_Input material:_
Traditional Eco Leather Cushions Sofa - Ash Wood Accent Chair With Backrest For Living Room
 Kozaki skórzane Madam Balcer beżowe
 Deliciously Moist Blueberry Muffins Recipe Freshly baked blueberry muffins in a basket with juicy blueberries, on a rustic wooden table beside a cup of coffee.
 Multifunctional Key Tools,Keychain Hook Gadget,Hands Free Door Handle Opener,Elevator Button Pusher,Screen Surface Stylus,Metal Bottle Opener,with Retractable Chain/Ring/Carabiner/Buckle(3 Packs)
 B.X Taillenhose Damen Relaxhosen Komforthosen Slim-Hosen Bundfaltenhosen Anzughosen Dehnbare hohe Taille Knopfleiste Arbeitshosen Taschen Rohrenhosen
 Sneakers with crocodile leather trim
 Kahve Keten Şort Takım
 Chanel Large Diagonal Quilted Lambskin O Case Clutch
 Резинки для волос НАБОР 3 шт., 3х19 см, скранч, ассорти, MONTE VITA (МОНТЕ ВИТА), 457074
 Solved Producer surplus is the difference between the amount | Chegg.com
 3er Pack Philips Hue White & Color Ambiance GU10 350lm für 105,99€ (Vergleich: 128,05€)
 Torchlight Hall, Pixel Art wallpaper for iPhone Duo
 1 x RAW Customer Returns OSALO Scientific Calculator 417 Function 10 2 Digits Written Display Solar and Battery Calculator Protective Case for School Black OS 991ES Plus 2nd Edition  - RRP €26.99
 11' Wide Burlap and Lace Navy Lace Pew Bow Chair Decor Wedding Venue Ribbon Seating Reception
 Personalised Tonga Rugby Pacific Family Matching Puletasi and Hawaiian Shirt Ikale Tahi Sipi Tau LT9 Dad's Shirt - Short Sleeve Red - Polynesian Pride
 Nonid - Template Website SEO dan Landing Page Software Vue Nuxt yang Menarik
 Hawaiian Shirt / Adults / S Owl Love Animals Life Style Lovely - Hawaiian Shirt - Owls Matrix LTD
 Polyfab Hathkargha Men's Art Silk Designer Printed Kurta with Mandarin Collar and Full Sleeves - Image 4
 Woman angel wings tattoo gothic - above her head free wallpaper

_Task item:_
If a line in the listing contains the string "Hawaiian", count it; then give only the number of such lines.

_Expected answer:_
2